No llegamos a entender la profundidad del significado de cada palabra cuando deviene en término jurídico. Cuando una palabra del común pasa a ser utilizada en esa especie de argot de la justicia, de la que sea, civil, penal, administrativa, constitucional, etc; esa palabra se eleva sobre sí misma, asciende, flota, vuela, adquiere un nimbo distinto; rutilante y misterioso a la vez, evanescente, de manera que sólo el saber profundamente esotérico de un jurista es capaz de desentrañarla, desvelarla, revelarla y ponerla en relación con la realidad, que se manifiesta ante nosotros sólo de manera aparente, capaz de confundirnos a todos, pobres legos; pero no a ellos, sacerdotes de una verdad superior, de una realidad misteriosa y oculta, de la verdad jurídica revelada. Por eso, lo que a cientos de miles de personas del común nos parece una violación, a ellos, los videntes de una realidad sólo apta para sacerdotes de la ley, les pareció eso que dicen que sucedió en realidad; y punto. Bueno, punto no, porque los hay entre ellos uno que aún se eleva más sobre sus muchas perfecciones, y alcanza a ver una epifanía de gozo, sexo feliz y disfrute voluntario en lo que cientos de miles de tontos sin remedio vimos una violación; y para que nos enteremos bien, se pone coloquial y dice que lo que allí hubo fue «jolgorio»; y está tan seguro, pero tanto, que lo explica en mas de doscientos y pico folios, y a sus colegas del alto tribunal, de paso, casi les acusa de torpes, por no ver el jolgorio que él vio enseguida, tras mirar una y otra vez las escenas grabadas y seleccionadas al parecer -fíjate qué afán de colaborar- por uno de los acusados.

Hay que verlos, a los sacerdotes y las sacerdotisas de la toga y la puñeta, en los escasos minutos que salen en la tele en algún juicio. Hay que verlos y escucharlos cuando hablan y preguntan y aclaran conceptos. Ese modo, frecuente en tantos de ellos, de atropellar el lenguaje hablado. Esa prosodia tantísimas veces ininteligible y torpe, esa furrufalla oral. Esa prosa a menudo lamentable, trufada de abundantes reiteraciones, cuando no de estridentes y sonoros anacolutos y faltas de concordancia.

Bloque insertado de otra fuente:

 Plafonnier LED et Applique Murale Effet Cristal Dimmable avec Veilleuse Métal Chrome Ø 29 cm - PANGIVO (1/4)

Toda esa pedrea verbal, en suma, nos hace sospechar que, sin duda ninguna, la finalidad de ese sub-lenguaje, esa calamidad de lenguaje, ese profuso y abundante insulto a la sintaxis, tal vez no trate de aclarar el sentido más preciso y comprensible de la cosa, sino que parece pensada sobre todo para excluir de la recta y clara comprensión a los que se ven obligados a asistir a alguna sesión de cualquier tribunal, para que ningún ser del común se entere de lo que le dicen; pensada para anular, para aplastar, para avasallar al «actor» a la «parte actora» en cada juicio, para que sea bien consciente de que allí, tras esas batas negras y esas puñetas de puntillas desganadas, hay un mundo exclusivo y excluyente, del que sólo cabe escuchar sentencias apenas apelables, que no han de ser en modo alguno cuestionadas, a no ser por otras batas negra y otras puñetas de mejor tejido y más alta calidad.

Así que a ver si nos enteramos; nosotros, en el caso de la mujer asaltada en esa mierda de cuartucho, no podemos desentrañar el papelito final, la sentencia; no está a nuestro alcance, no conocemos los términos técnico jurídicos de ellos, y por tanto no nos es dado alcanzar la luz y el excelso y beatífico afán con que los jueces de esa trinidad inmaculada y suprema de Navarra imparten justicia para nuestro bien. Porque de todos es sabido que a la justicia, sobre todo a la justicia española, no le mueve otro fin que hacernos felices y procurarnos solución para nuestras aflicciones, defendernos del delito, mirar por nuestra integridad, perseguir el abuso de los poderosos y atender a los más altos intereses de la razón y la bondad humana, sin dejarse corromper ni influir por nadie, ni obedecer a otro fin que no sea la búsqueda del más noble ideal. Seguramente por tan altísimos fines y nobilísimos atributos, no deja de comentarse por tierra mar y aire su acrisolada independencia. ¡Aleluyah! Si es que nos quejamos de vicio. No sabemos la suerte que tenemos. Imposible no acordarse de Juana Inés de la Cruz. Hombres necios que acusáis/ a la mujer sin razón/ sin ver que sois ocasión/ de lo mismo que culpáis.